*Try it*. Would you copy out only the lines from the one with "Hitachi C6DC2 Spare Parts List" to the end of the records, exactly as they stand?

[Short text fragments from websites]
>>>>

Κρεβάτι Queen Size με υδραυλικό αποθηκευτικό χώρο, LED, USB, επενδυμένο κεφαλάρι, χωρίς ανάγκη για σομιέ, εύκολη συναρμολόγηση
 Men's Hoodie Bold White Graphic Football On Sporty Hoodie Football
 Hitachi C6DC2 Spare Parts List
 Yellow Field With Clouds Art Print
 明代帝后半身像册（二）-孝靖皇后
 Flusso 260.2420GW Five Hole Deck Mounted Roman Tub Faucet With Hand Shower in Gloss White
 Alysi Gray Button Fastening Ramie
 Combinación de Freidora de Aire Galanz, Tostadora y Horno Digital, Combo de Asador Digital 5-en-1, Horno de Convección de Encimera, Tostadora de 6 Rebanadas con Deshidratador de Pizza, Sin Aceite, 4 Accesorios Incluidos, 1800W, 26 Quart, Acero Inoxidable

<<<<

*Answer to this task*.
 Hitachi C6DC2 Spare Parts List
 Yellow Field With Clouds Art Print
 明代帝后半身像册（二）-孝靖皇后
 Flusso 260.2420GW Five Hole Deck Mounted Roman Tub Faucet With Hand Shower in Gloss White
 Alysi Gray Button Fastening Ramie
 Combinación de Freidora de Aire Galanz, Tostadora y Horno Digital, Combo de Asador Digital 5-en-1, Horno de Convección de Encimera, Tostadora de 6 Rebanadas con Deshidratador de Pizza, Sin Aceite, 4 Accesorios Incluidos, 1800W, 26 Quart, Acero Inoxidable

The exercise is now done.